Fifth in the Lenten Series, “Why Did Jesus Die?”

The first time I stood on the Great Wall of China was a revelation. I thought I knew what it was. I remember in elementary school, a teacher said that the Great Wall of China was the one human-made structure you could see from space. It turns out this is not at all true, for more than one reason. But it sounded amazing to me, that people could make something so large and so big. I’d seen many, many pictures over the years after that, of the wall and the verdant, mountainous scenery surrounding it. I had even read bits of history about the great Qin dynasty and Emperor Qin Shi Huang, under whose brutal but powerful rule the wall construction really gathered momentum. 

I thought I knew the Great Wall of China.

But standing there for the first time, on a summer day at the start of this millenium, I was speechless. It was larger and steeper than I had imagined. Even on a grey, rainy morning, the views from its peaks were more breathtaking than I had expected. I knew that this wall was long, but seeing it wind through the distant mountains, I just remember having this extraordinary sense of awe at what natural beauty, human engineering, back-breaking labor, and historical preservation had together made possible. 

Thanks for reading about my relationship with the Great Wall. In this year of endless cancellations, the most painful for me was the cancellation of our family’s plans for our kids’ first ever trip to China. Our family is a beautiful interracial mix of my wife’s family’s Chinese roots and my family’s mix of Northwest European heritage, and our kids are all teenagers and getting ready to head out into the world on their own soon. The biggest thing we wanted to do together first was to go to China. And a clear must-see for all was the kids’ first trip to the Great Wall themselves. 
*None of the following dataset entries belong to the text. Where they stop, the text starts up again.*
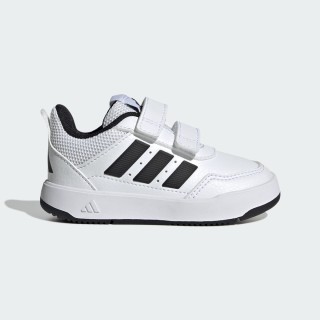 Adidas TENSAUR SPORT 3.0 SCHOENEN PEUTERS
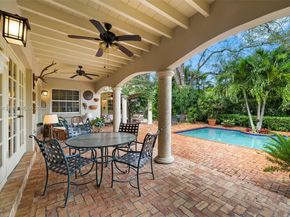 1255 Algardi Ave, Coral Gables FL 33146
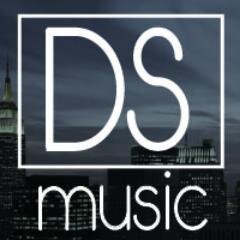 Composer for hire with high end royalty-free stock music library. Mention or DM to inquire about having custom music created for your project.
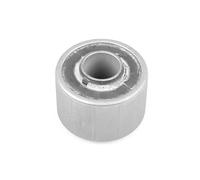 Supporto, Braccio oscillante bilaterale per NISSAN X-TRAIL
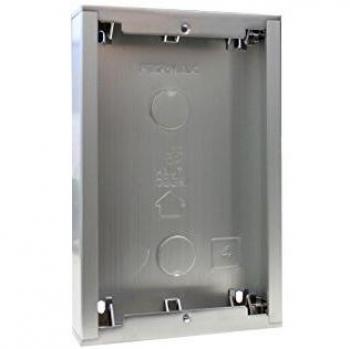 Fermax city - Caja superficie city s4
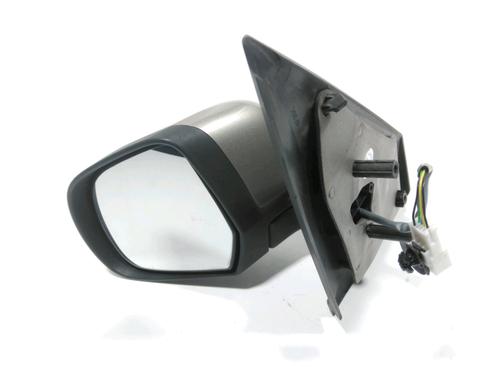 Used Left mirror DACIA LODGY (JS_) 1.5 dCi (90 hp) 28245830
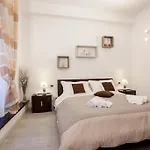 فندق مبيت وإفطار Relais 155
There’s a reason, though, that I tell this story as we explore why Jesus died. Most sane people throughout history have acknowledged that when it comes to our thinking about our Creator, the Spirit or being above or within all things, some humility is called for. We have rightly viewed who or what we call God with mystery.

And yet, we have often assumed that more or less, we know what God is like. By way of vision or tradition, story and rumor, we have imagined that the force behind the sun and the rain, life and death, our great hopes and fears, to be called God. We have, our human family, called God the creator, the power behind all power, the cause beneath all causes, the force of life that has brought all life into being. And it’s not that none of this is true.  But our sense of God has remained murky and far too often a cosmic reflection of the best and the worst of our own muddled conceptions and experience of love, power, fear, and violence. 
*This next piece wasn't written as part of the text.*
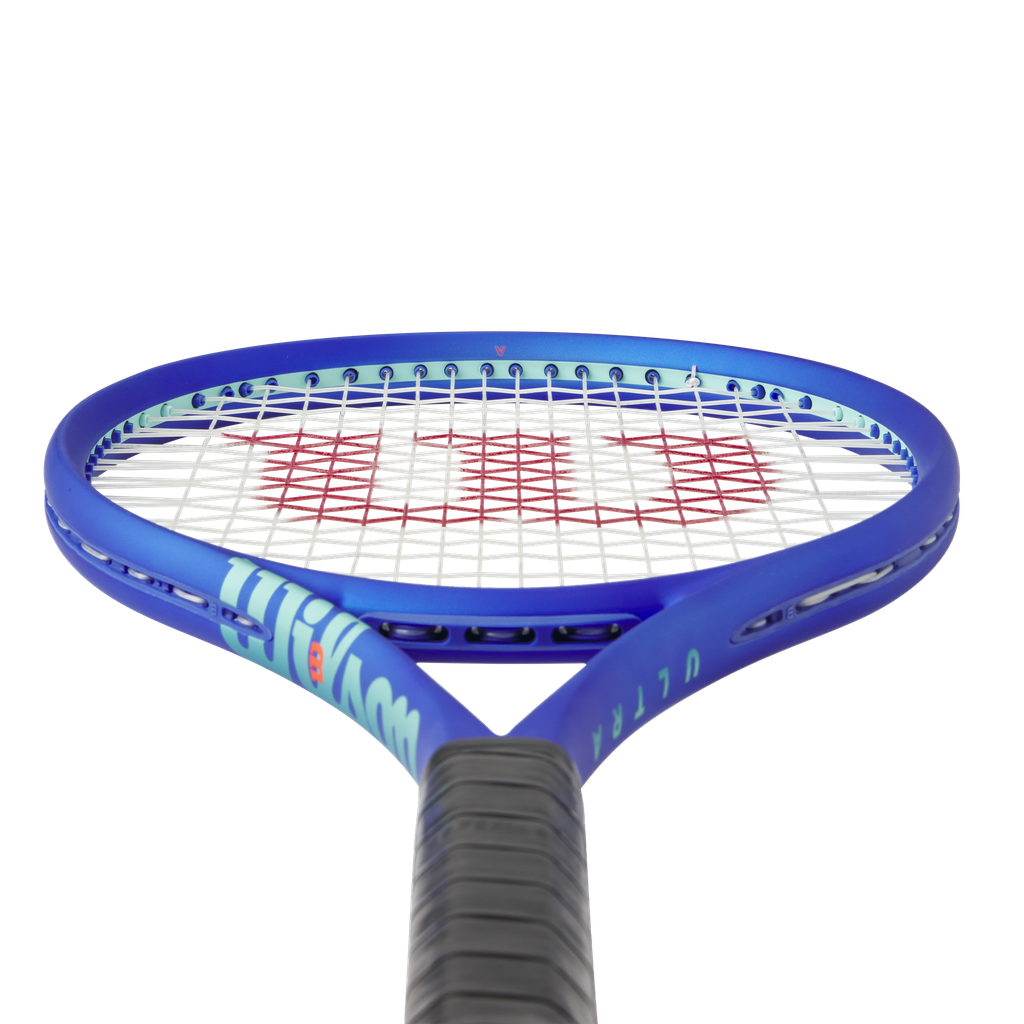 RAQUETA WILSON ULTRA 100 V.5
Something interesting happened, though, in the collective thoughts and imaginations of the first followers of Jesus. Their memory of the life and teaching of Jesus, how Jesus provoked and inspired them, and even how their sense of the unseen Spirit of Jesus continued to move them, made them think that for the first time, people had seen God face to face. God had walked among them, spoken to them, and shared meals of bread and beans and fish with them. 

God looked like Jesus.

They said this in different ways. Here are three, just as a sampling, all from the late Eugene Peterson’s poetic translation he called The Message.
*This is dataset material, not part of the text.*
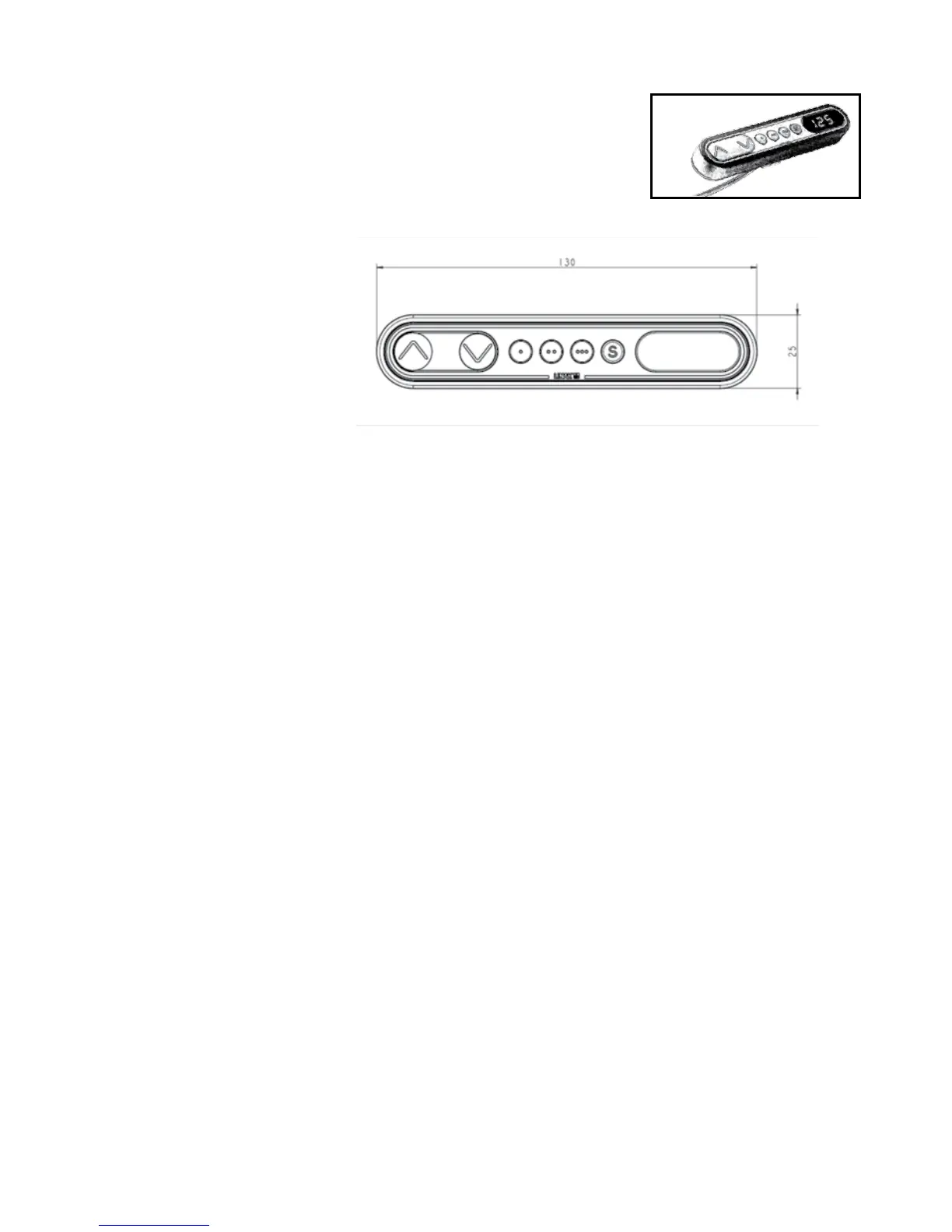 Page #20 background image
“No one has ever seen God,

        not so much as a glimpse.

    This one-of-a-kind God-Expression,

        who exists at the very heart of the Father,

        has made him plain as day.” (John 1:18)

No one had ever seen God, until Jesus made God plain as day.

“We look at this Son and see the God who cannot be seen. We look at this Son and see God’s original purpose in everything created.” (Colossians 1:15)

In the history of the earth, the human species has been the closest approximation of the creative mind and vibrant love that God is. In Jesus, this approximation becomes the real deal, the accurate reflection of God, the original purpose. 

“We heard it with our own ears, saw it with our own eyes, verified it with our own hands. The Word of Life appeared right before our eyes; we saw it happen! And now we’re telling you in most sober prose that what we witnessed was, incredibly, this: The infinite Life of God himself took shape before us.” (I John 1:1-2)

We now have an eyewitness sighting of the infinite life of God. God looks like Jesus. 

In their hope that God looks like Jesus, his followers to this day are not limited to how Jesus died, but our vision does continue to center there. Because in Jesus’ death, we see what the best writing and worship about God had always hoped might be true: that God is self-giving, radically forgiving, co-suffering love. 

God shares and gives all the best that God has and is. God is by nature kind and forgiving, eager to see the best and heal the worst in us. And God is present in compassion with all who suffer. 

Jesus on the cross then becomes a kind of litmus test for all of our screwy traditions, opinions, hopes, and fears about God. Does what our parents or church or anyone else told us about God look and sound like Jesus? Maybe then it is. But if not, we can forget about it. 

This is another reason then that Jesus died, to cut through the pile of rumor and report of all we have thought about God, and to show us what God is like: self-giving, radically forgiving, co-suffering love.